Comedian David Alan Grier delights nearly 300 troops at Forward Operating Base Loyalty in Baghdad on Saturday night. (By Lisa Burgess / S&S)

BAGHDAD — David Alan Grier of the 1990s TV series “In Living Color” and two fellow comedians kicked off a three-day visit to the Baghdad area with a show Saturday night for nearly 300 delighted troops.

With routines lasting almost a half an hour each, Grier, Kevin Avery and Kristopher Tinkle offered their audience at Forward Operating Base Loyalty little on the war, the military or Iraq.

Instead the men focused on such universal topics as jobs, relationships and, of course, sex.

Avery, a comic who often opens for comedian Dave Chappelle, moaned about his latest blind date.

“Who am I kidding? It was an Internet date. Let’s call a spade a spade.”

Desperate for conversation, he brought up the Civil War.

“So how did that turn out, anyway?” his date replied.

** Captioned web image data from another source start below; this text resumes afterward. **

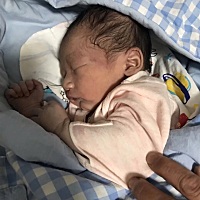 带着我的大宝宝出院喽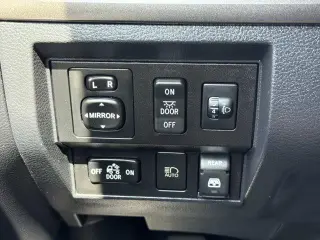 Toyota Tundra 2019 4x4 SR5 4dr CrewMax Cab Pickup SB (5.7L V8)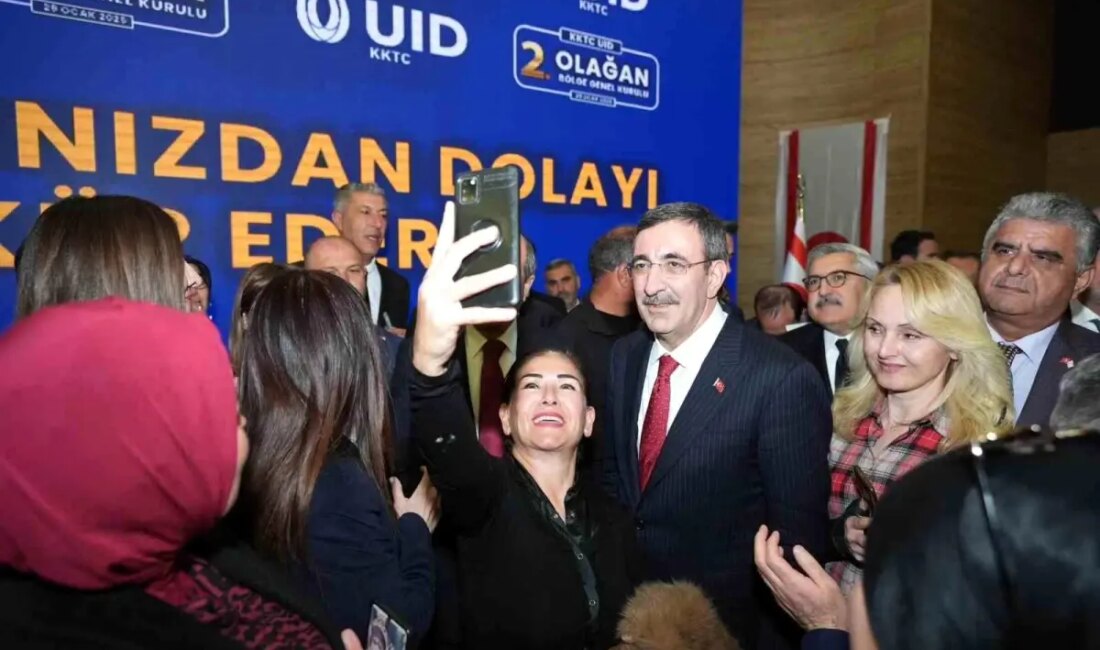Cumhurbaşkanı Yardımcısı Cevdet Yılmaz, KKTC'yi ziyaret ederek UID Genel Kurulu'na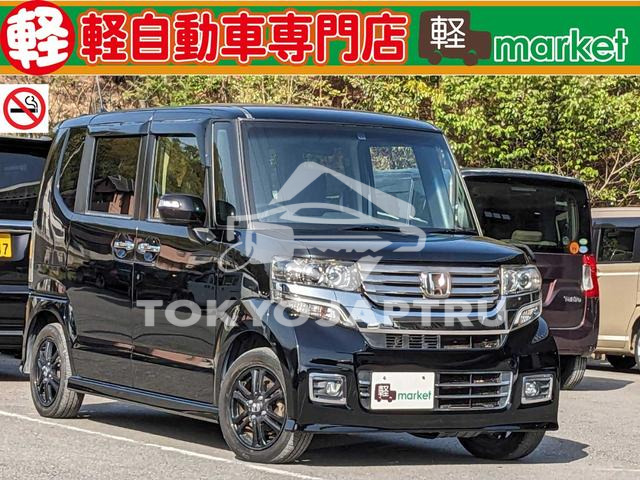 HONDA N-BOX CUSTOM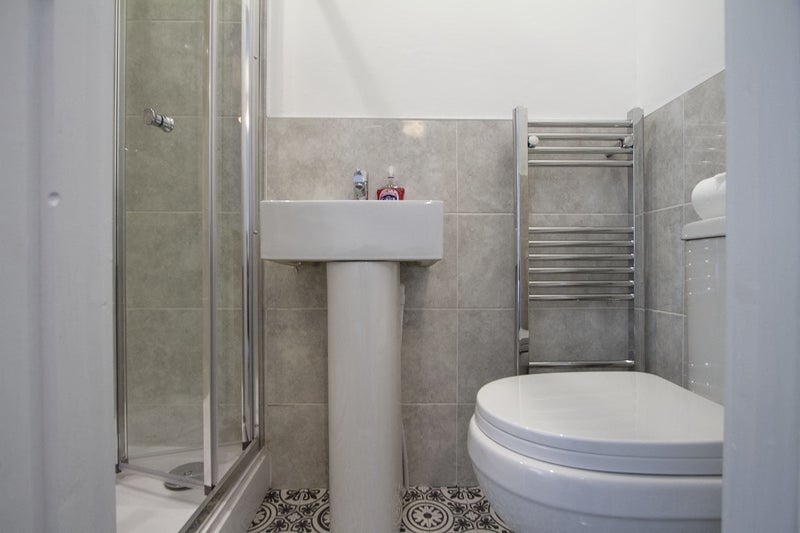 Newly Renovated 5-Bedroom Ensuite -All Bills Inc!! - student accommodation in Huddersfield - img_5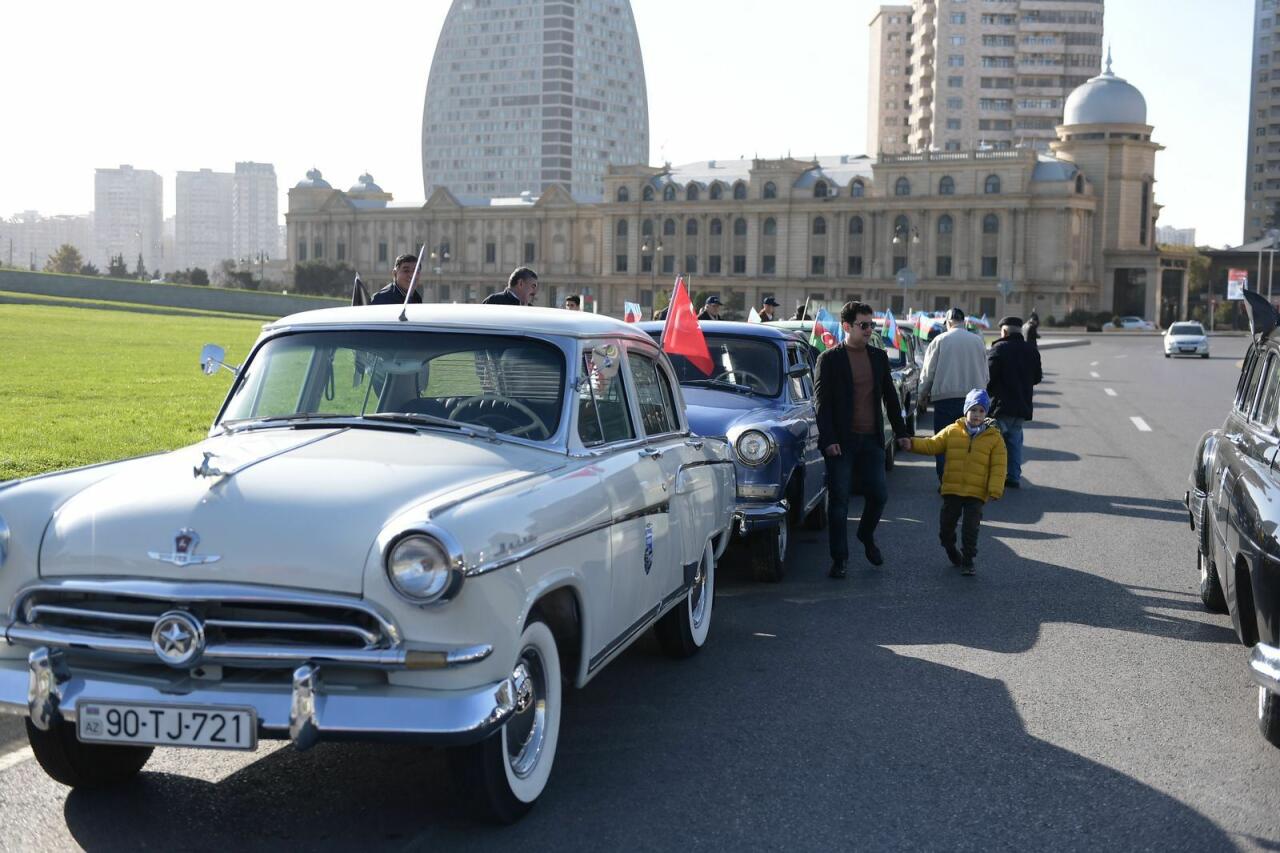 В Баку состоялся автопробег с участием классических автомобилей по случаю  Дня Победы - ФОТО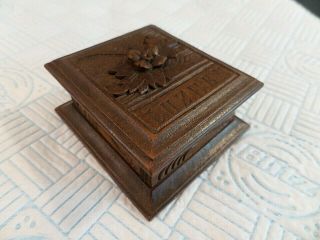 Antique 19thc Black Forest Stamp Box Hand Carved With Alpine Flower From Luzern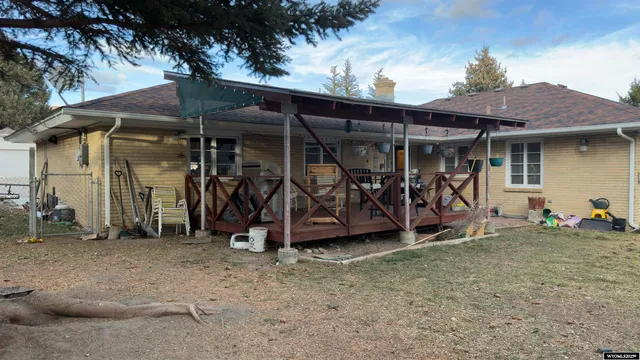$327,500 | 720 13th Street, Rawlins, WY 82301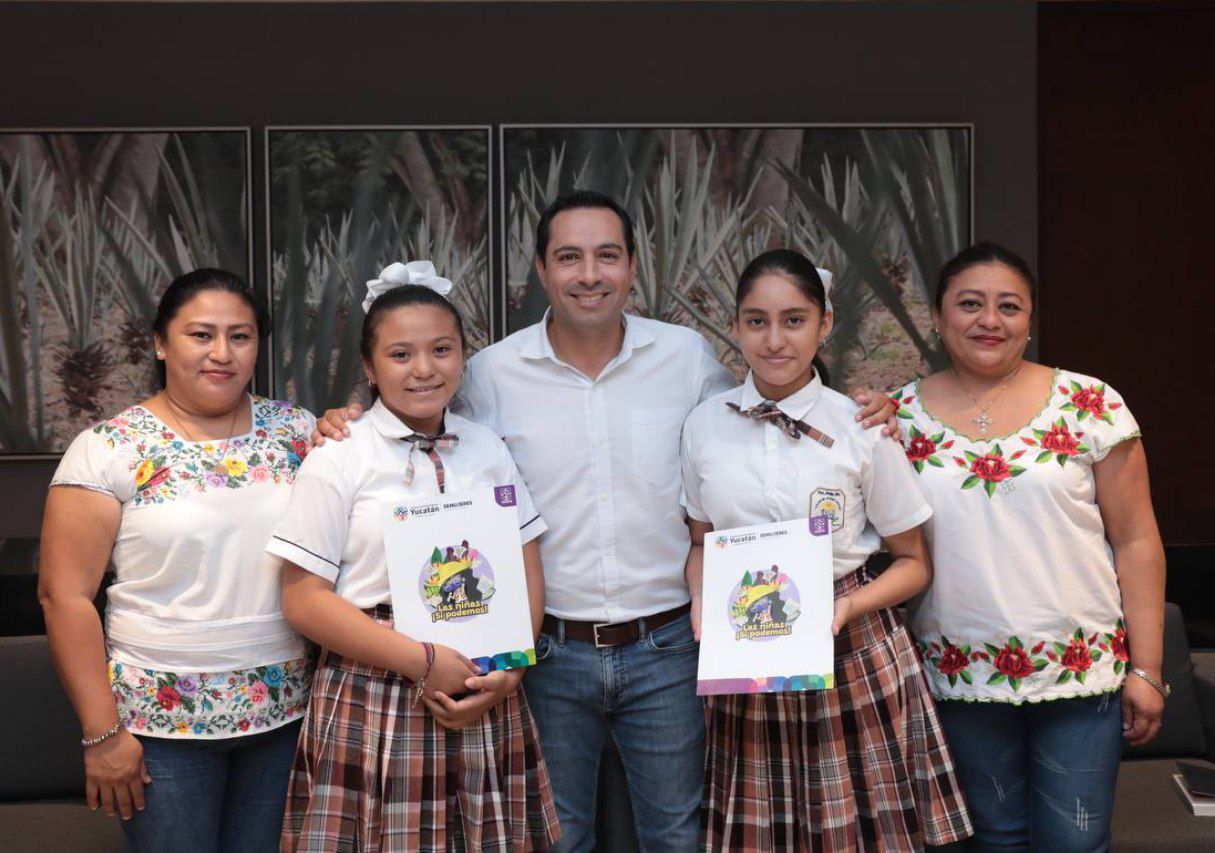 Vila apoya a niñas yucatecas para participar en concurso de ciencias en Paraguay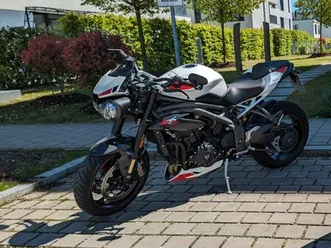 triumph speed triple 1050 rs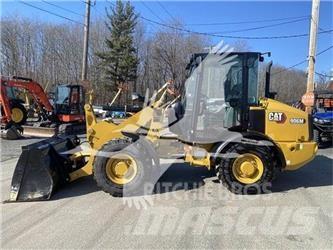 CAT 906M Фронтальные погрузчики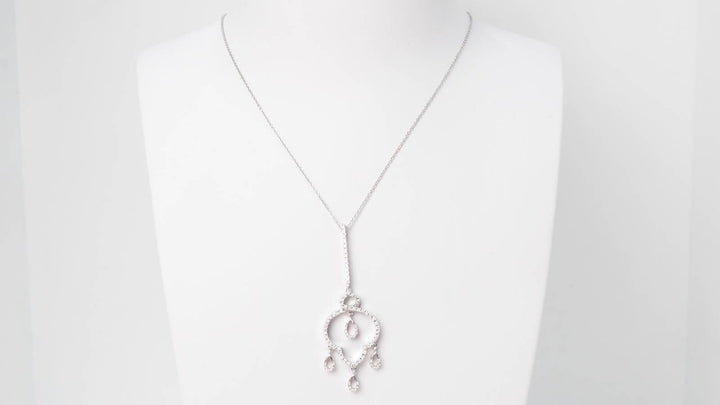Collier en or blanc et diamants 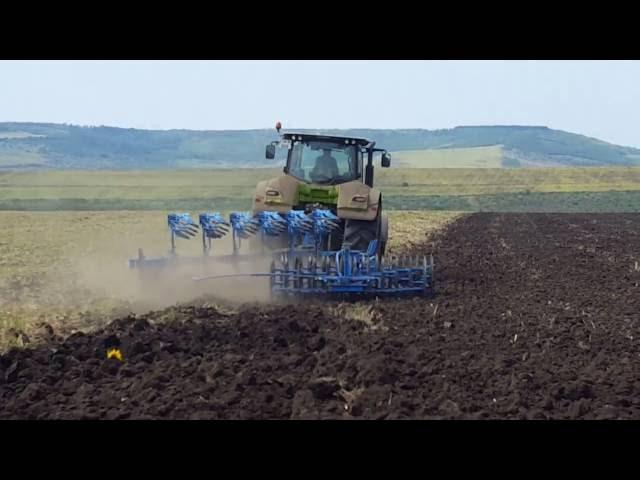 Tрактор CLAAS AXION 930 LEMKEN  with Lemken 6 furrow plough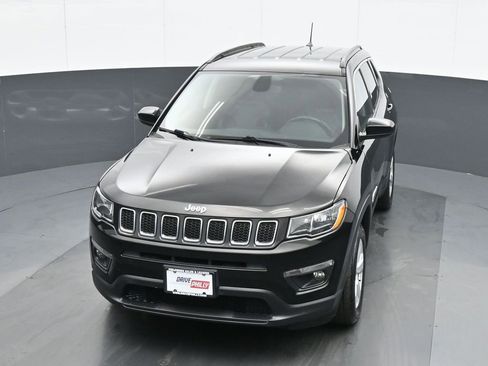 Used 2019 Jeep Compass Latitude AWD/4WD image 16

Tinkle, meanwhile, who was a guest on the Howard Stern Comedy Tour, joked about his “real” job, substitute teaching, and the reactions he gets from kindergarteners when they hear his last name.

Much to the audience’s amusement, Tinkle also deftly handled a persistent heckler, ultimately offering him a universal hand signal that wasn’t a thumbs-up.

But the evening’s headliner was clearly Grier, who opened his act with an unprintable joke about firebrand cleric Muqtada al-Sadr and his choice of Sadr City as a neighborhood.

Grier quickly moved on to a long and physical riff about running the Los Angeles marathon that had some soldiers literally rolling out of their seats with laughter.

He said it took him four hours and 26 minutes, “which means that people were walking faster than I was running at the end of the race.”

However, Grier said, he did train in advance for the big day by joining a running club.

“We worked out, I don’t know, two, three days.”

“The race itself, Grier said, “was exciting for about a mile and a half.”

But after about five miles, “society as we know it began to break down.”

He then mimed runners performing a variety of personal hygiene activities usually confined to private spaces.

“And by mile eight, we ran out of food,” Grier said pathetically. “We were eating fruit from the trees; breaking into houses, stealing the Halloween candy.”

Eventually, despite hitting the dreaded “wall” at mile 20, hallucinating and running backward — all of which he re-enacted — Grier said he did complete the race.

“I started the race the first Saturday in March,” Grier said. “By the time I was done, it was Cinco de Mayo.”

Grier said he volunteered to make the trip, his first to Iraq, and then recruited friends Tinkle and Avery to accompany him.

He said after the show that he wasn’t particularly concerned with the danger.

“The USO hasn’t lost anyone yet,” Grier said.